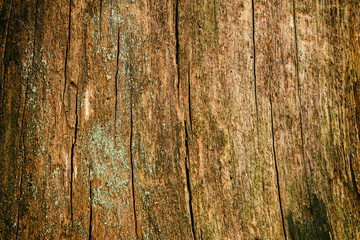 Fragment texture of the trunk of an old rotten oak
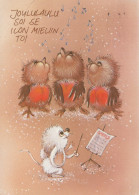 UCCELLO Animale Vintage Cartolina CPSM #PAM899.IT - Birds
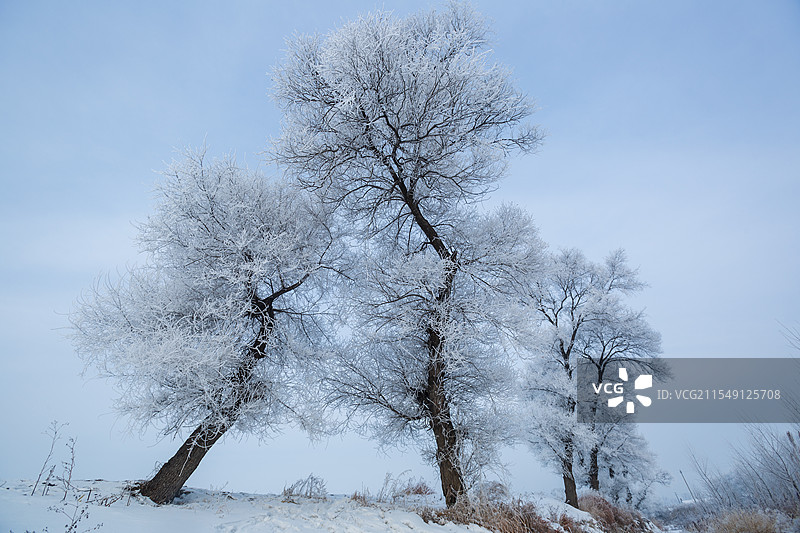 吉林市龙潭区雾凇岛雾松奇观图片素材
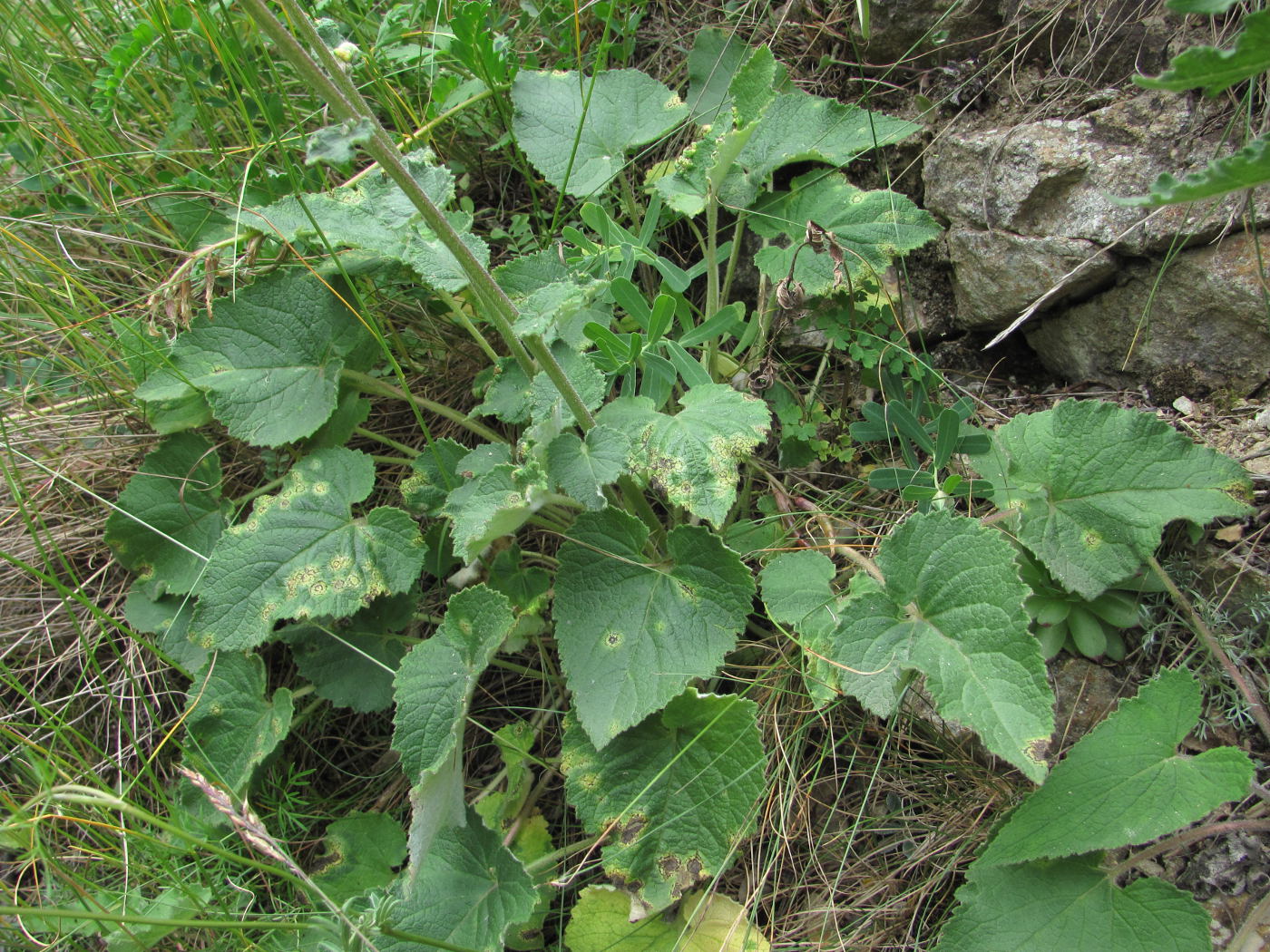 Image of Campanula alliariifolia specimen.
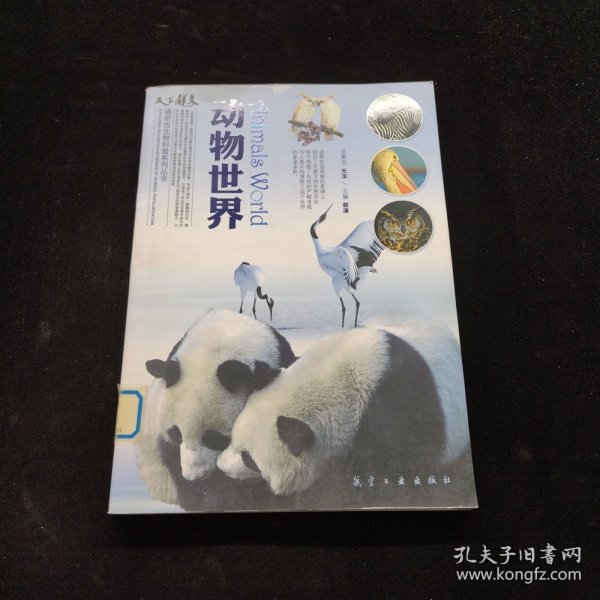 动物世界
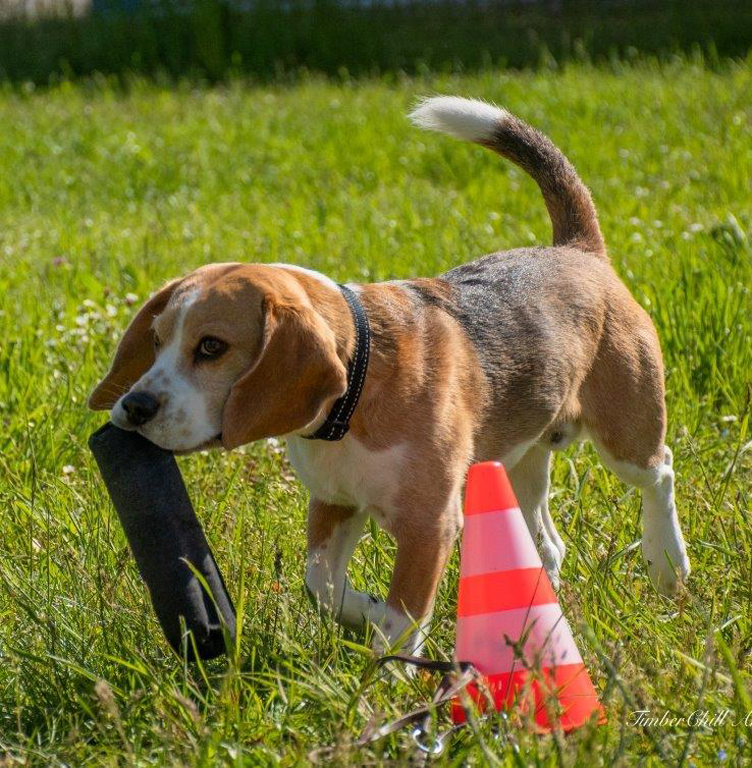 Beagle Erziehungskurs Frühling 2024 - beagleclub Webseite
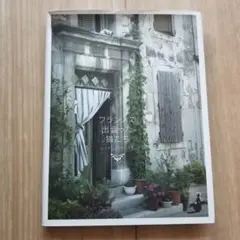 フランスで出会った猫たち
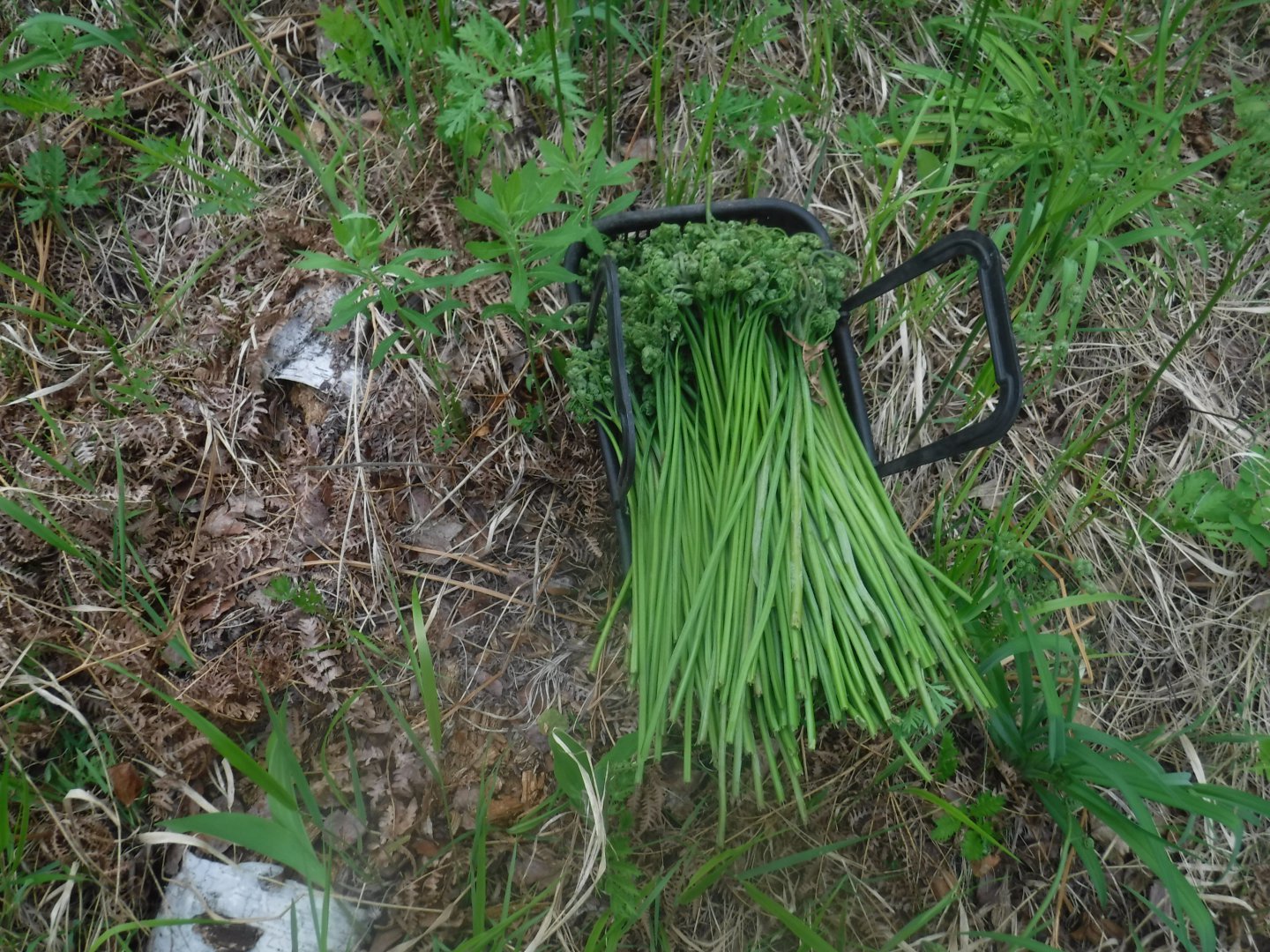 DSCF1669.JPG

## WORK ORDER
Your answer must consist only of the lines from the one containing "吉林市龙潭区雾凇岛雾松奇观图片素材" through the end of the entries, restated word for word, with no pictures.

## WRITTEN ANSWER
 吉林市龙潭区雾凇岛雾松奇观图片素材
 Image of Campanula alliariifolia specimen.
 动物世界
 Beagle Erziehungskurs Frühling 2024 - beagleclub Webseite
 フランスで出会った猫たち
 DSCF1669.JPG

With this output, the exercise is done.